05/04/2024 Viernes de la Octava de Pascua (Jn 21, 1-14)

Después se apareció Jesús de nuevo a los discípulos junto al lago de Tiberíades.

De nuevo. Ahora con muchos detalles especialmente significativos: la aparición no tiene lugar en lugar cerrado, sino en campo abierto; no en Jerusalén, sino en Galilea. Y solamente son siete los agraciados (recordemos que la cifra siete representa la universalidad). Además:

Aquella noche no pescaron nada. Siendo la noche el mejor momento para pescar, no consiguen nada ya que el Señor no está con ellos; aunque, cuando cunde el desánimo, Jesús está cerca.

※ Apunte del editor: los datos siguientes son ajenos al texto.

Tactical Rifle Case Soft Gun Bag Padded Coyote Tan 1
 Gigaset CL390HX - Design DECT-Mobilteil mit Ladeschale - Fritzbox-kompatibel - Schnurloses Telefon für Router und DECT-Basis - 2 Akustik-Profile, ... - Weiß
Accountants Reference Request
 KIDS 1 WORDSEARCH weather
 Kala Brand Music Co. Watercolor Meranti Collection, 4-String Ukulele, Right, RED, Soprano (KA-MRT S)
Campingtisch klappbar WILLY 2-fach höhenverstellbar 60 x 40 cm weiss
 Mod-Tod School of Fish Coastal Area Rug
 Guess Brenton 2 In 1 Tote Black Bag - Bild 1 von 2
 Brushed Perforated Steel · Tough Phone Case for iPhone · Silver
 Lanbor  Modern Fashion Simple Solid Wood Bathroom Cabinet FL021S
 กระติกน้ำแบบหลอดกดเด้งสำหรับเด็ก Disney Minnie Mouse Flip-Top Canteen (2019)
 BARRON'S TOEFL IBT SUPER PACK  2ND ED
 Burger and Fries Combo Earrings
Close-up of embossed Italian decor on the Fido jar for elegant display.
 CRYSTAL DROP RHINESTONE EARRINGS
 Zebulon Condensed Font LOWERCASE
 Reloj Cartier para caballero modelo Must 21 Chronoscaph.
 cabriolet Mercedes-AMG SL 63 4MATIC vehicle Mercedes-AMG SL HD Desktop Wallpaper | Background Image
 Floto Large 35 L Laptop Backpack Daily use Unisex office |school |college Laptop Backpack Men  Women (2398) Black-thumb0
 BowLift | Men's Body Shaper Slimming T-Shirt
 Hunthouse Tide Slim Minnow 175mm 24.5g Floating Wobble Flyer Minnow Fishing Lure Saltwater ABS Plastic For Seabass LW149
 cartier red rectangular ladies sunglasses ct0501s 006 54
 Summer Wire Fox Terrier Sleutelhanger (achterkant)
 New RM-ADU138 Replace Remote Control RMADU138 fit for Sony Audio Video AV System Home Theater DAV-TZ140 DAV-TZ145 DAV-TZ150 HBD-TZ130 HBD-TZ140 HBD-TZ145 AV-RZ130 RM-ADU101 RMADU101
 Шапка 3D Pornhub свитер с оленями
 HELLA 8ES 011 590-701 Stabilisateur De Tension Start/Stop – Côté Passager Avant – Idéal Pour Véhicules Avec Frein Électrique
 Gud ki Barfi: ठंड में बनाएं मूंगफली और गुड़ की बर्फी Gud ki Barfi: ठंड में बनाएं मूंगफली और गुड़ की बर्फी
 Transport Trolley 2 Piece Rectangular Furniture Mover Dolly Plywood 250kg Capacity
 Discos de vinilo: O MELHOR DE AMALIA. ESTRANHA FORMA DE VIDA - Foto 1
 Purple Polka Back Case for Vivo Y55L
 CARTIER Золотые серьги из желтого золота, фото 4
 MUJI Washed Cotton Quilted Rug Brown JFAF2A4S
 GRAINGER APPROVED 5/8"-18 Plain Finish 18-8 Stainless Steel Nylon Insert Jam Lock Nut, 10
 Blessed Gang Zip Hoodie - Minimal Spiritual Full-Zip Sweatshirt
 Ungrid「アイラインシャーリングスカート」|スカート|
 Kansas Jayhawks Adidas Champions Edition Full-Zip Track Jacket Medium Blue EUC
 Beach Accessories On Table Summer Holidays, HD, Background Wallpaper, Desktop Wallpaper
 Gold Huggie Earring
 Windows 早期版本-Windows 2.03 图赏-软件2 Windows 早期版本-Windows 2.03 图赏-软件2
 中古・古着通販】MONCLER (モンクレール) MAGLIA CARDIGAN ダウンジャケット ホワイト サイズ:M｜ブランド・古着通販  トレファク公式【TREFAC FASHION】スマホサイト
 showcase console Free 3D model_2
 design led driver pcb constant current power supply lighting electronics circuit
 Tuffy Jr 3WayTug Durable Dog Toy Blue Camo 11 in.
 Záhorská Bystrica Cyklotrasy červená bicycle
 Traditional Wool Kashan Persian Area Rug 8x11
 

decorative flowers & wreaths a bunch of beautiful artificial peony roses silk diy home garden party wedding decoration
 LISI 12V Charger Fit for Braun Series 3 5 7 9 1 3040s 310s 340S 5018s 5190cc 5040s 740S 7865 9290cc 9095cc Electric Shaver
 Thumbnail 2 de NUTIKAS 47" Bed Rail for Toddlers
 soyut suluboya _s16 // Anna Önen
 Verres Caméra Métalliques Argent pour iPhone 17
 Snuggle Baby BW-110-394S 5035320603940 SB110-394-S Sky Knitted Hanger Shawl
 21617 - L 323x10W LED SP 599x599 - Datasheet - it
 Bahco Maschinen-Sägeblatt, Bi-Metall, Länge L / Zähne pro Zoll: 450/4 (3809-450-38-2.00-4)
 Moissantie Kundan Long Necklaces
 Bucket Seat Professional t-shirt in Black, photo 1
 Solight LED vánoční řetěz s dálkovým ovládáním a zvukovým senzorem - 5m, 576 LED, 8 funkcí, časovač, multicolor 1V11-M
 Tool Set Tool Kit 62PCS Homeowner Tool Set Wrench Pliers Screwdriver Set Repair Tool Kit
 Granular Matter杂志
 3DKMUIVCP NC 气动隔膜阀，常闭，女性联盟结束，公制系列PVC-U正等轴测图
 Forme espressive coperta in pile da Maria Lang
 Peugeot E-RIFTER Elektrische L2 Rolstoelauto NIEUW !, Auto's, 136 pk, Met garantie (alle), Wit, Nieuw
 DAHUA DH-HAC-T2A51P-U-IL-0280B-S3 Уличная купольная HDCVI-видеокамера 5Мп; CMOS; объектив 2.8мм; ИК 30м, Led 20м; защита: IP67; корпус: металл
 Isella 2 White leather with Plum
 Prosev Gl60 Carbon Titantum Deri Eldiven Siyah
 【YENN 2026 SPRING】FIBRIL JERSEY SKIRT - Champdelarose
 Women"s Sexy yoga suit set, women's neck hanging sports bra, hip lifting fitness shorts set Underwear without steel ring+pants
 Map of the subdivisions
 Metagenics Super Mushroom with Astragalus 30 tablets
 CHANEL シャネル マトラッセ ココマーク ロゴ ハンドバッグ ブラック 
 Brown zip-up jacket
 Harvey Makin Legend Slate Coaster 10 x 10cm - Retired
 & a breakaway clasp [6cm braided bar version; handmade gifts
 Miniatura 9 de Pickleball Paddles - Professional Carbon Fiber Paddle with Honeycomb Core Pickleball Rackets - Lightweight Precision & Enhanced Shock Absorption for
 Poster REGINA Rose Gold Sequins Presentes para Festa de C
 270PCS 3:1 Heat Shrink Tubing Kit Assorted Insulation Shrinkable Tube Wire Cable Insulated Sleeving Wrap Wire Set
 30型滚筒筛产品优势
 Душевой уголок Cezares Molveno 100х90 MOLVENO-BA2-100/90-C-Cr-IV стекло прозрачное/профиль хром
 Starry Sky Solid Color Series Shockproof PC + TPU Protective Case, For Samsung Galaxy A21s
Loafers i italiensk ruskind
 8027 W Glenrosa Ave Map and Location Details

Echad las redes a la derecha de la barca y encontraréis. Como los discípulos de Emaús, tampoco éstos reconocen a Jesús; pero le escuchan y su palabra es eficaz. Lo que la pericia humana no consigue, lo consigue su Palabra: La echaron y no podían arrastrarla por la abundancia de peces.

Es el Señor. De nuevo Pedro y Juan, Juan y Pedro. Juan, el carisma, llega antes al sepulcro y al reconocimiento; Pedro, la autoridad, llega más tarde. Los dos siempre juntos, a pesar de las tensiones que se susciten entre ellos a lo largo de los siglos. Los dos, representando a los creyentes, hacen suyas las tres palabras: ES EL SEÑOR. Son palabras que salvan y liberan de toda servidumbre. Porque si confiesas con tu boca que Jesús es el Señor y crees en tu corazón que Dios lo resucitó de entre los muertos, te salvarás (Rm 10, 9).

Contemplamos la escena y rumiamos las tres palabras de Juan. Calibramos también hasta qué punto nos identificamos con Juan o con Pedro. ¿O quizá nos vemos mejor representados en los otros cinco que se quedaron en la barca remolcando la red con los peces?